Knowledge

How much can I pay myself from my company?

Director/shareholders of UK limited companies tend to reward themselves will a small salary and a dividend. The recommended system for 2021/22 is set out here.

However, in order to get the calculations absolutely right, you need to know how much profit the company has, and you probably won’t know that until after the year-end accounts have been done. So, partway through a trading year we don’t call these figures “dividends” and we suggest that you take “drawings” in the expectation that a dividend can be declared.

As a rule of thumb, you can calculate your drawings using this method. It ignores some fine detail of accounting, but it will get you through to the year-end.

Set up a separate company bank account for your company to hold its tax reserve. That’s for corporation tax and (if you’re VAT registered it’s also) for VAT. One savings account is enough. I usually name this the “Crown Account”.

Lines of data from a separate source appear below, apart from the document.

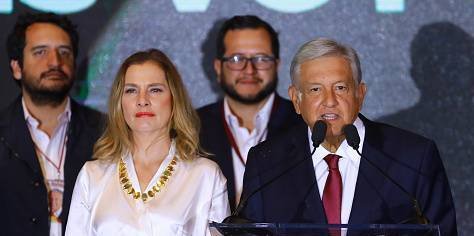 AMLO con su esposa y dos de sus hijos. AMLO con su esposa y dos de sus hijos.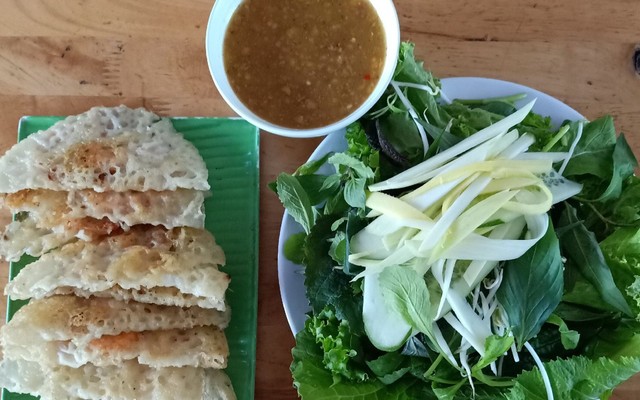 Bánh Xèo Cô Nguyệt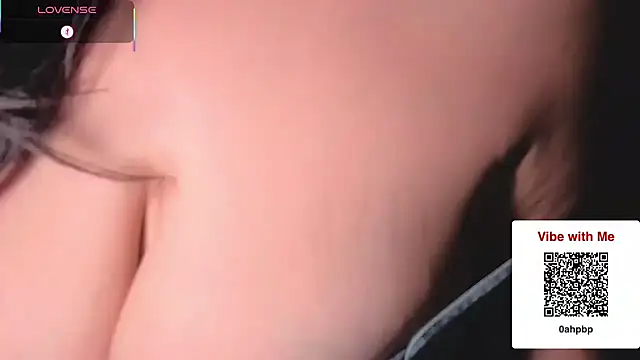 Snapshot of kcosatanrica chatting on 12-02-25, 04:40 kcosatanrica online show from 12-02-25, 04:40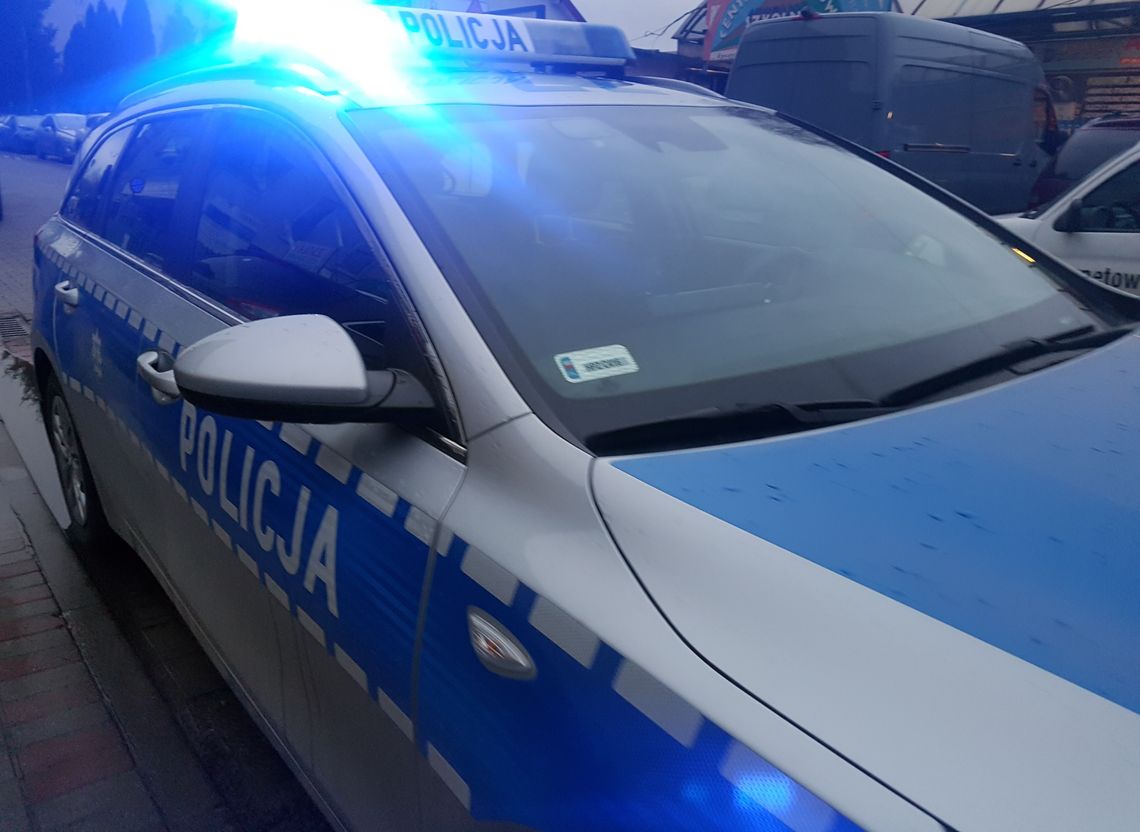 Groźny wypadek na ul. Głównej w Żabieńcu. Auto spadło z nasypu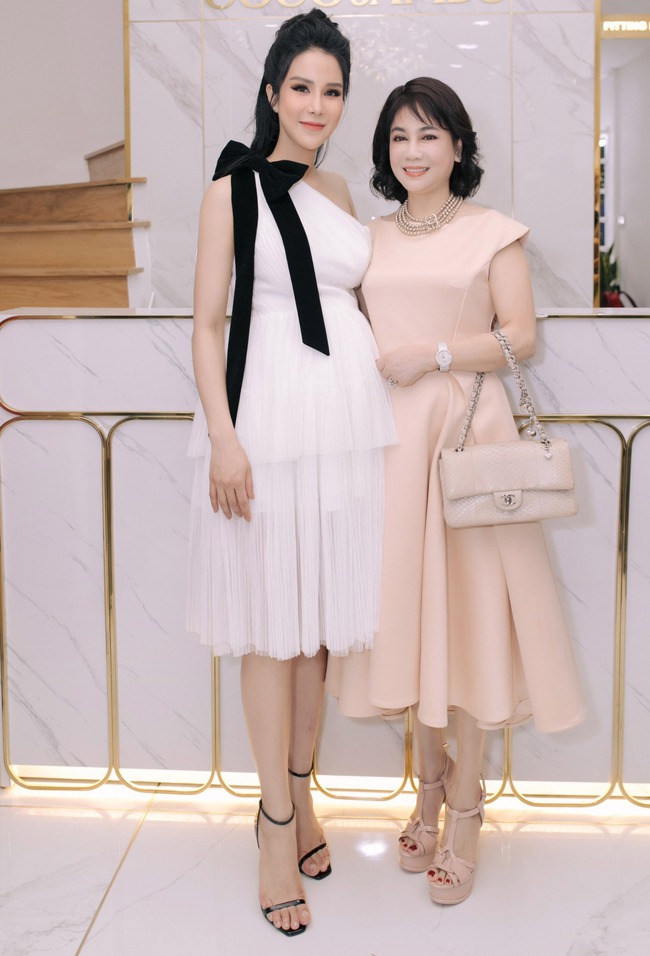 Những bà mẹ chồng quyền lực của mỹ nhân Việt: Diệp Lâm Anh cũng chưa được cưng chiều bằng nàng Hậu này-1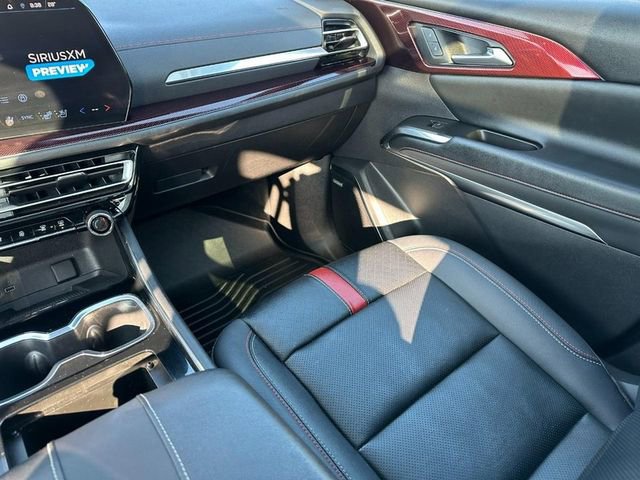 Certified 2024 Chevrolet Traverse RS image 18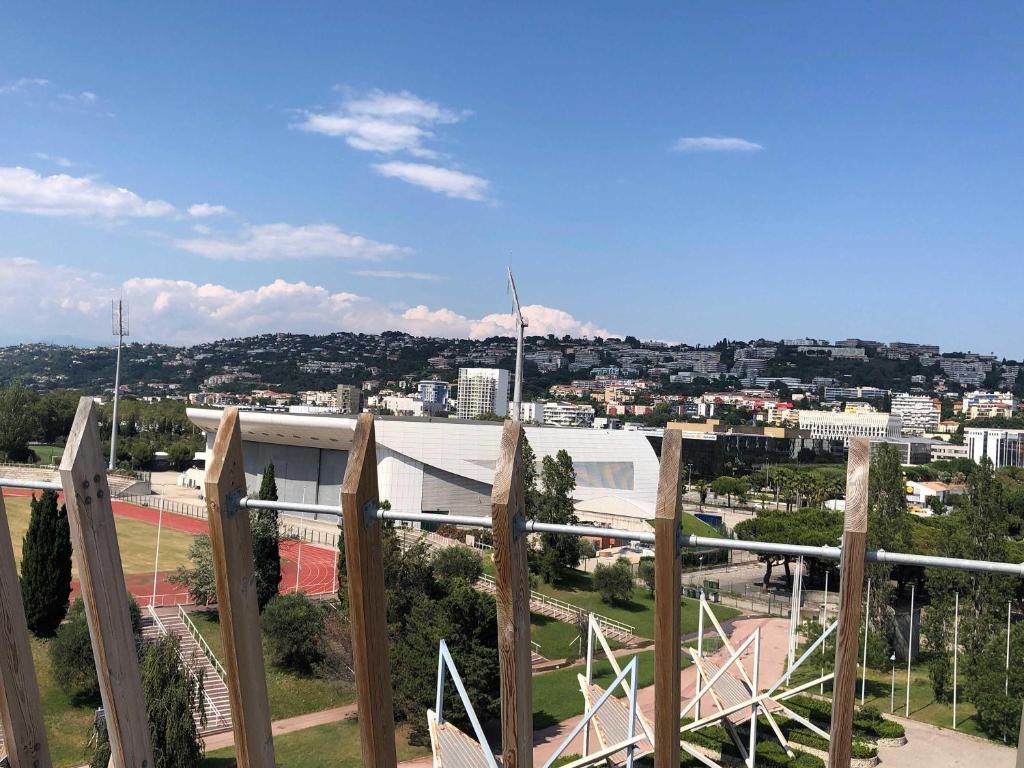 Hotel Ibis Budget Nice Palais Nikaia - Resim 26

When a client pays you, put aside 20% of that fee as a provision for corporation tax. Also, put aside all of the VAT you charged on that invoice. OK, that ignores allowable expenses and things, and it will be a little too much, but it’s better to have too much tax reserve than too little.

What are you left with, net of corporation tax and net of VAT? Maybe knock off something for expenses as well. Then you have some idea of what the company can afford from its “distributable” profits.

Use that notional figure, and that’s the maximum drawings you can take.

At the end of each quarter, when the bookkeeping reports (and the VAT reports) are done, have a look at your balance sheet. It shows you a forecast of the corporation tax (and the VAT), along with the bank balances on that quarter-end date.

In the example above, the tax reserve of £9,000 is £505 more than the total tax forecast of £8,495. This is a good thing.

To the extent that your savings account balance (on the quarter end date) exceeds your creditor’s balance (on the quarter end date), then you have over provided for tax. If you want to, you can take that excess and move it back to the current account to employ the funds usefully in the business. Or if it’s the other way around, please take steps to restore your tax reserve to its rightful level.

Over time, you might want to adjust that 20% rule down to 19% or 18%. It will take several quarters before you get a feel for what is the right percentage in the case of your own company, and it will depend on having like for like activity each quarter. You’ll know when you hit the right percentage when, every quarter, the excess/deficit on the savings account is consistently small enough to make little difference.

The balance sheet may also show you what the maximum available amount of “distributable” profit is (as long as your name does not already appear under creditors). Assuming that a director’s name does not feature on the balance sheet, then the example above shows that £1,554 is available. That’s just above the bottom line “total funds” figure, and it’s what the company is worth once you ignore the “share capital” line.

Do not draw out more than the company can afford. If you do, then HMRC will seek retribution and will seek penal levels of tax.